いわば2列シートのミニバンで、小型車ではルーミーとソリオ、その姉妹車が該当する。ルーミーは運転のしやすいコンパクトなボディ、高い天井による広い室内、スライドドアの採用によって人気を得た。
2021年1~7月の1ヵ月平均登録台数は1万3200台に達する。コンパクトカーのヤリスとSUVのヤリスクロスを異なる車種として別々に算出すると、ルーミーは小型/普通車の販売1位になる。
トヨタの販売店では、ルーミーの人気について以下のように返答した。「ルーミーはヴォクシーのようなミニバンからダウンサイジングされるお客様に加えて、ヴィッツ(現在のヤリス)などから乗り替えるお客様も多い。1人目の子供が生まれるとルーミーに乗り替える」。
そしてホンダの販売店では「ステップワゴンのお客様は、子育てを終えてフリードに乗り替えることもあるが、一足飛びにN-BOXを購入されることも多い」と述べる。

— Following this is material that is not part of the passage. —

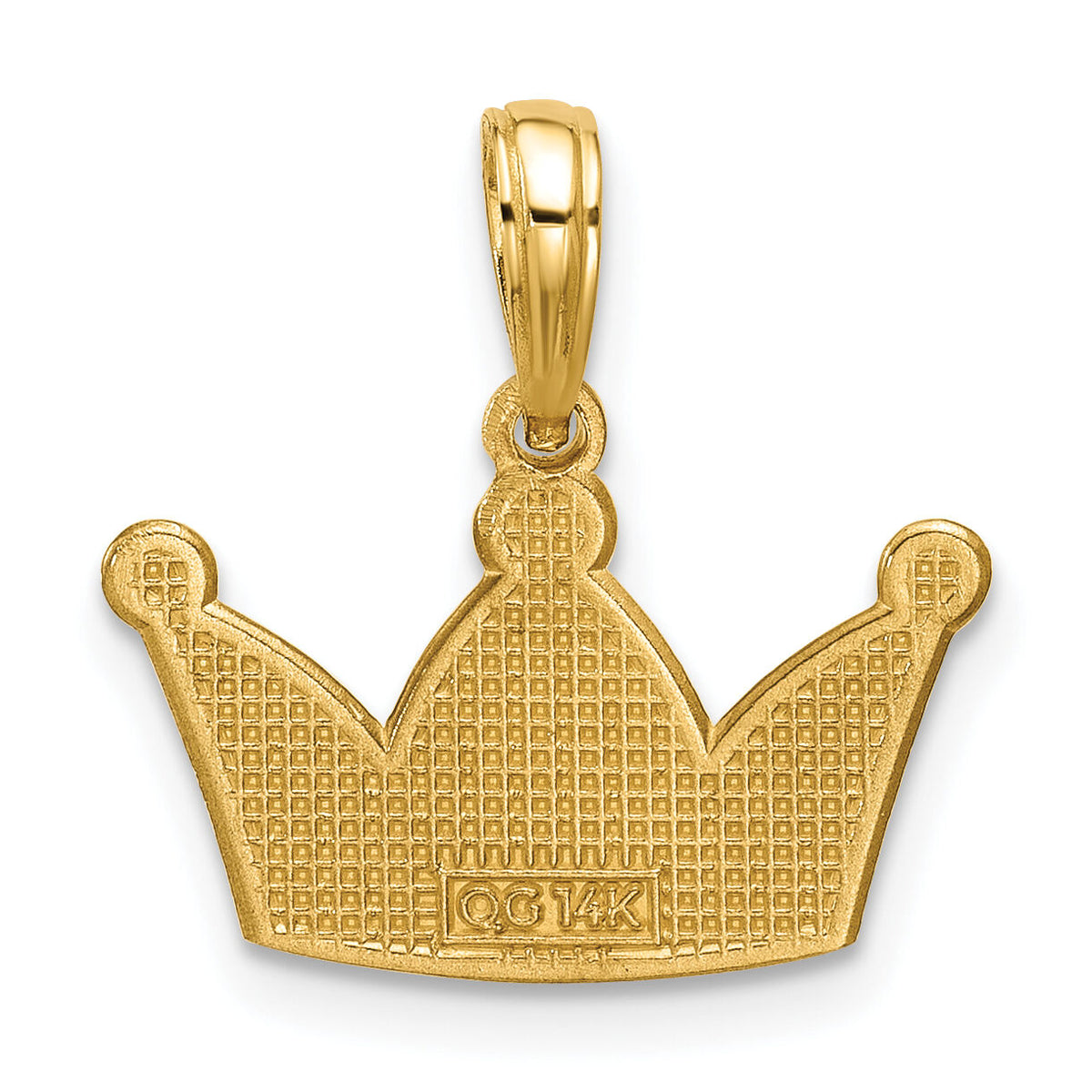 14K Polished Crown Pendant-D5818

このように今はミニバンの普及開始から20年以上を経過して、背の高いボディとスライドドアの組み合わせが定着した。ミニバンを使い慣れた人達は、世代を問わず、スライドドアを備えた車種に魅力を感じる。
その結果、フリード、シエンタ、ヴォクシー、アルファードといったミニバンを含めて、販売ランキングの上位にはスライドドア装着車が豊富に並ぶ。
■スライドドアの注意点とは
便利なスライドドアを備えたクルマが好調に売れるのは理解できるが、注意点もある。筆頭に挙げられるのは子供の飛び出しだ。横開きドアは、開いた時に前方がドアパネルで塞がれるが、スライドドアは遮蔽されない。そのために乗降性も良いが、前方も含めて一気に開放されるから、子供が飛び出しやすい。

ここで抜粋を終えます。